The Obama administration moved Thursday to impose stiff new tariffs on solar panels made in China, finding that Chinese companies are improperly flooding the U.S. market with government-subsidized products.
The Commerce Department said Chinese producers had dumped solar cells and panels in the United States at margins ranging from 31 percent to nearly 250 percent. If the preliminary ruling is upheld, tariffs averaging 31 percent could be imposed on Chinese solar-panel imports.
The tariffs would be in addition to fees ranging from 2.9 percent to 4.73 percent imposed in March after the department found that China is improperly subsidizing its solar manufacturers.
The tariffs announced Thursday were higher than expected and could ratchet up trade tensions between the two countries.
Several U.S. solar panel makers, led by Oregon-based SolarWorld, had asked the government to penalize China for dumping low-price products on U.S. markets.

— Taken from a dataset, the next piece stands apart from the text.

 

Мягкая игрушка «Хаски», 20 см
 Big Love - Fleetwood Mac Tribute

The companies are struggling against fierce competition from China as well as weakening demand in Europe and other key markets, just as President Barack Obama is working to promote renewable energy.
U.S. companies' complaints about their Chinese rivals have been amplified by the controversy surrounding Solyndra Inc., a California-based solar panel maker that went bankrupt last year after winning a half-billion-dollar federal loan from the Obama administration.

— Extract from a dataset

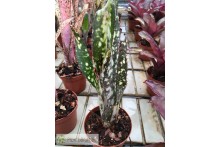 Billbergia Ehukai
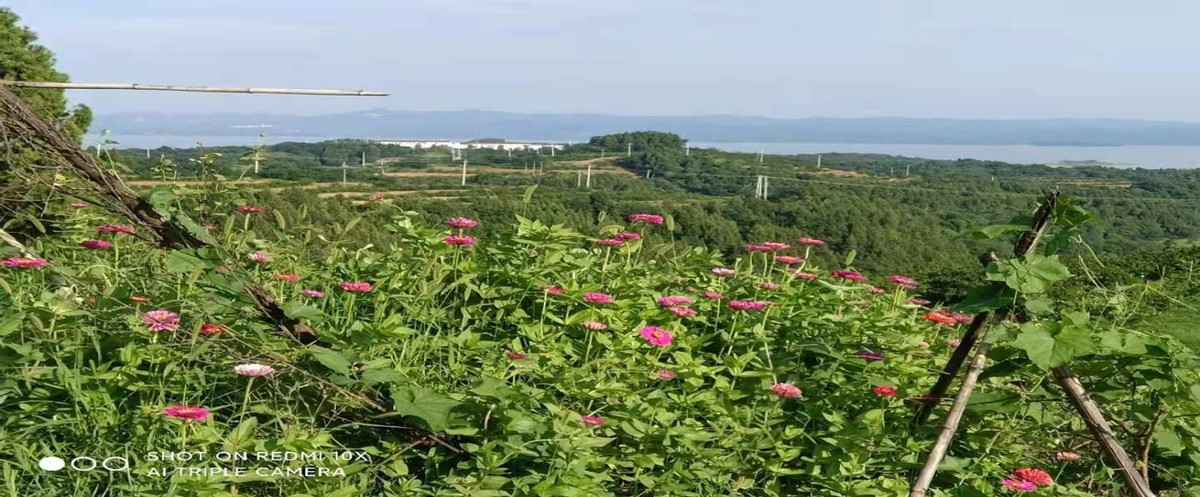 河南仓房党子口村：苔花如米小，也学牡丹开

Solyndra's collapse embarrassed Obama and prompted sharp criticism from Mitt Romney and other Republicans who are critical of Obama's green energy policies. Solyndra, which is not involved in the trade case, cited Chinese competition as a key reason for its failure.
A majority of U.S. solar panel installers oppose tariffs on Chinese panels, arguing that less expensive imports have helped make solar panels more affordable for U.S. customers.
The companies also worried that China could retaliate against U.S. companies, noting that Chinese authorities have announced their own probe into whether U.S. support for renewable energy companies hurts foreign suppliers.
"This is the first step to a trade war between the U.S. and China," said Jigar Shah, leader of a coalition of solar companies that oppose U.S. tariffs.
The Commerce Department decision will increase U.S. solar prices "precisely at the moment solar power is becoming competitive with fossil-fuel-generated electricity," said Shah, president of the Coalition for Affordable Solar Energy.
Members of the coalition include California-based SunEdison, Recurrent Energy, SolarCity and Westinghouse Solar, as well as China-based Suntech Power Holdings Co., one of the companies affected by the Commerce case.
SolarWorld president Gordon Brinser said the Commerce Department had merely confirmed that Chinese manufacturers have illegally dumped solar cells and panels in the U.S. market, giving their products an unfair advantage.
The ruling "will re-establish a natural balance in pricing that does need to occur in the global marketplace," Brinser said, adding that the U.S. solar market has been distorted by cheap Chinese imports.
SolarWorld Industries America Inc., a subsidiary of Germany's SolarWorld AG, is the largest U.S. maker of silicon solar cells and panels. The company was joined by six other manufacturers, including Wisconsin-based Helios Solar Works, in filing the unfair trade complaint.
Shah and other critics say steep tariffs will lead to the loss of thousands of U.S. jobs, but SolarWorld's Brinser dismissed that as "doomsday" talk.
Solar power is growing rapidly in the United States, he said, adding that demand for solar panels will continue to rise as states set standards for renewable energy and consumers see benefits from solar power.
Andrew Beebe, chief commercial officer for Suntech's California-based subsidiary, called the duties "not justified by fact."
The ruling sets up "harmful trade barriers" between the U.S. and China, Beebe said, adding that he hopes the two countries engage in "constructive dialogue" to avert a solar panel trade war.
"Suntech opposes trade barriers at any point in the global solar supply chain," he said in a statement. "We need more competition and innovation, not litigation."
Trade tensions with China are especially sensitive at a time when the United States and other Western economies want to boost technology exports to revive economic growth and cut high unemployment.
The U.S. and China are two of the world's biggest markets for solar, wind and other renewable energy technology. Both governments are promoting their own suppliers in hopes of generating higher-paid technology jobs.
Sen. Ron Wyden, D-Ore., chairman of the Senate Finance Committee's subcommittee on trade, said the Commerce Department decision goes far beyond a dispute over solar panels.
"Free trade does not mean trade free from rules," Wyden said, calling the decision a boost for a rules-based global trading system. "A victory for that system is a victory for American workers and all others who don't need to cheat to compete," Wyden said.
In its ruling Thursday, Commerce also granted SolarWorld's request for a finding of "critical circumstances" to counter a recent flood of Chinese imports into the U.S. market ahead of the widely anticipated decision. As a result, preliminary dumping tariffs will be imposed retroactive to late February.
A final decision is expected in October.